→ **Provided data**:
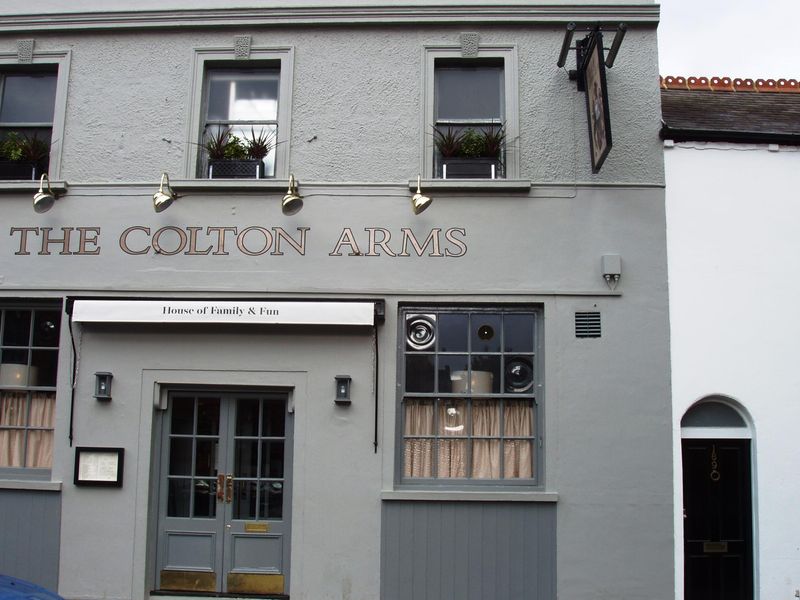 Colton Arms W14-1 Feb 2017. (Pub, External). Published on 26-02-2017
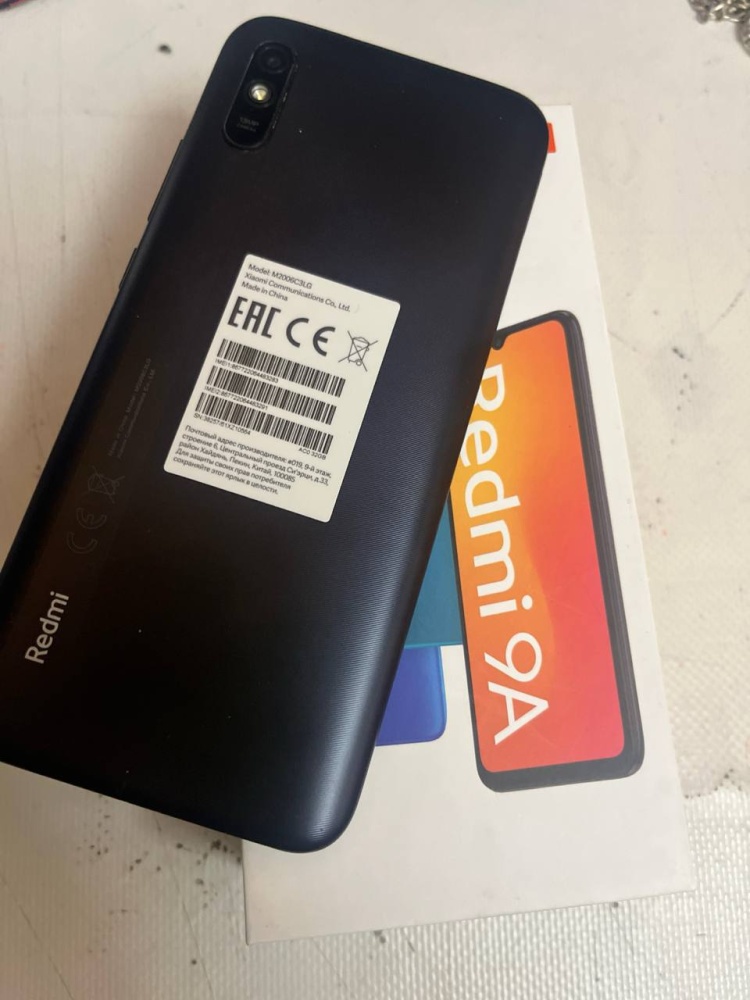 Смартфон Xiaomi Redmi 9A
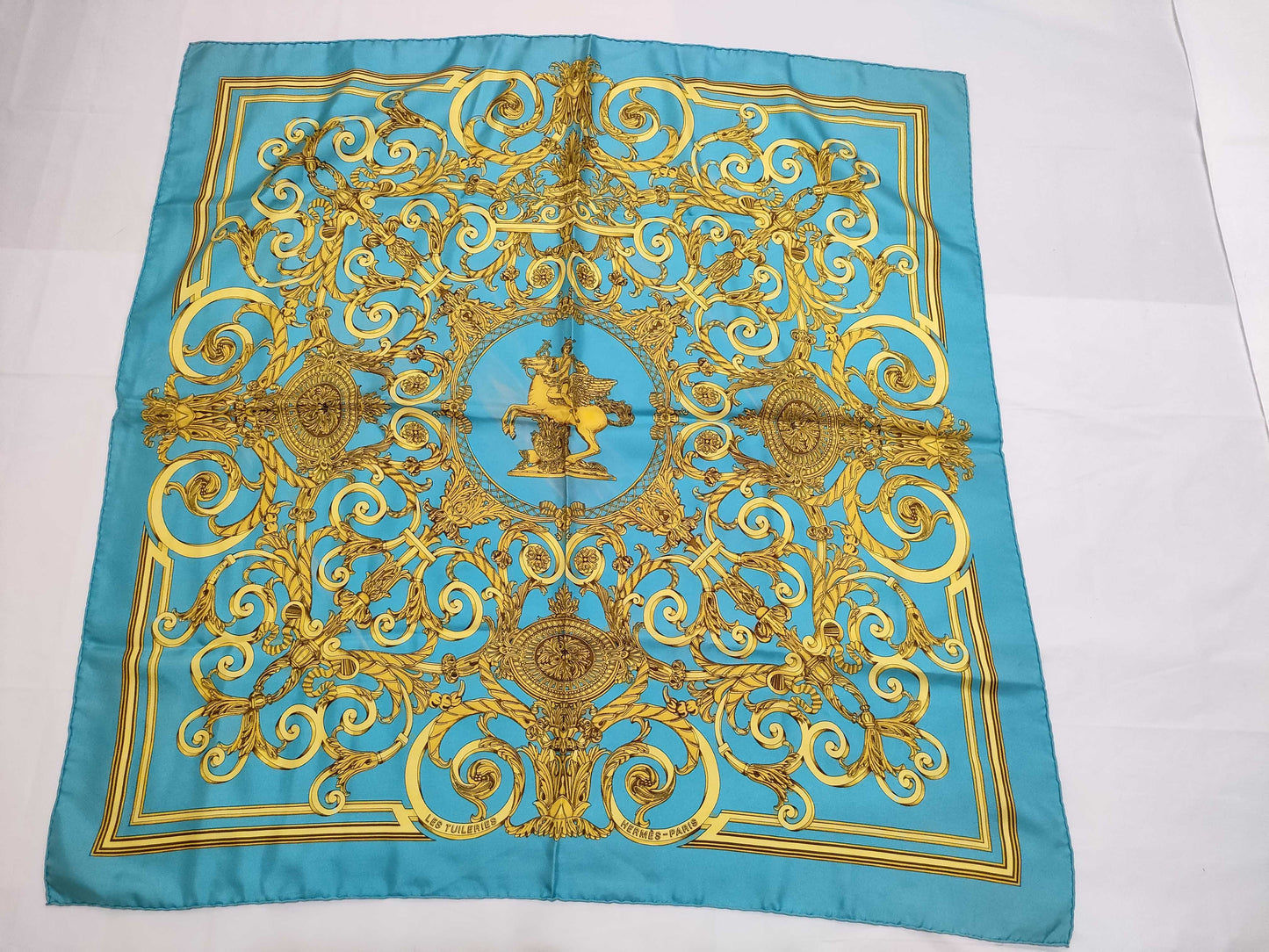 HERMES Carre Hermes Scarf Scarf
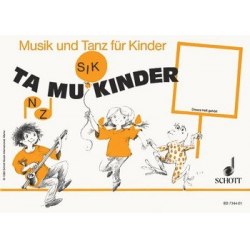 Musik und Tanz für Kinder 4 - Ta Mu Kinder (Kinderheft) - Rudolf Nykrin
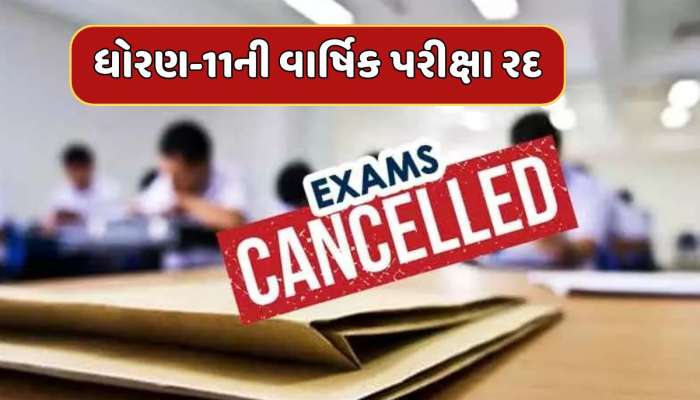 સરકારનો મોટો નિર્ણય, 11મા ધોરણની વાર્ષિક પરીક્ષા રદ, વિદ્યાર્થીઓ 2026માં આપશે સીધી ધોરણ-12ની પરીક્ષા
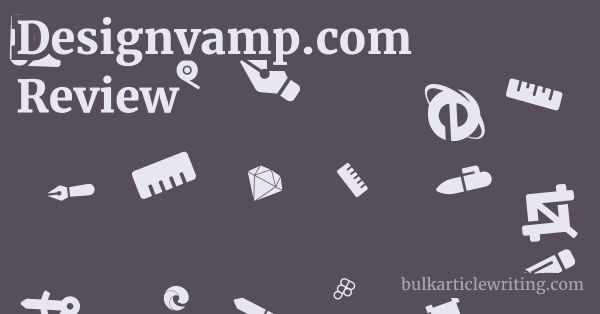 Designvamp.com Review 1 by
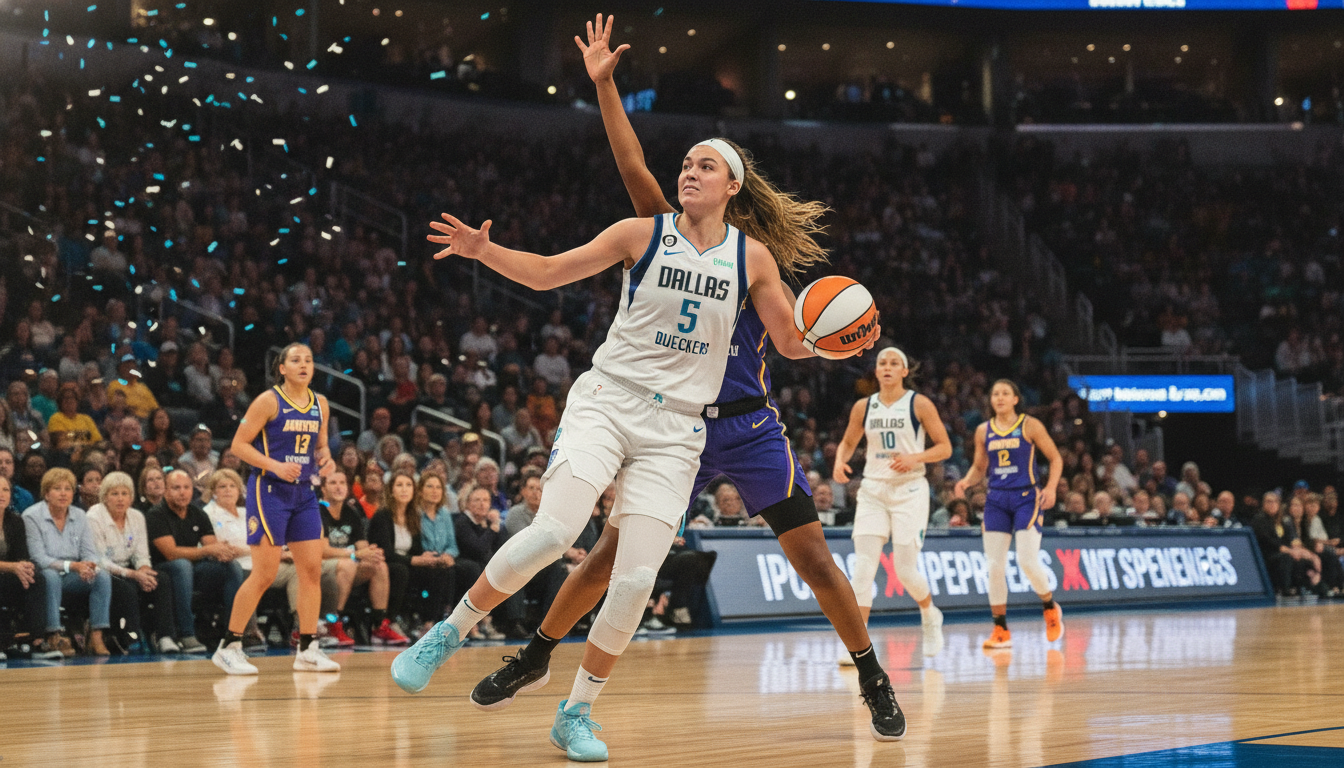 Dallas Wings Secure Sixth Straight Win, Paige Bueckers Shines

→ **Task requirements**:
Please produce an exact copy of all the material, leaving out the pictures.

→ **Solution for this task**:
 Colton Arms W14-1 Feb 2017. (Pub, External). Published on 26-02-2017
 Смартфон Xiaomi Redmi 9A
 HERMES Carre Hermes Scarf Scarf
 Musik und Tanz für Kinder 4 - Ta Mu Kinder (Kinderheft) - Rudolf Nykrin
 સરકારનો મોટો નિર્ણય, 11મા ધોરણની વાર્ષિક પરીક્ષા રદ, વિદ્યાર્થીઓ 2026માં આપશે સીધી ધોરણ-12ની પરીક્ષા
 Designvamp.com Review 1 by
 Dallas Wings Secure Sixth Straight Win, Paige Bueckers Shines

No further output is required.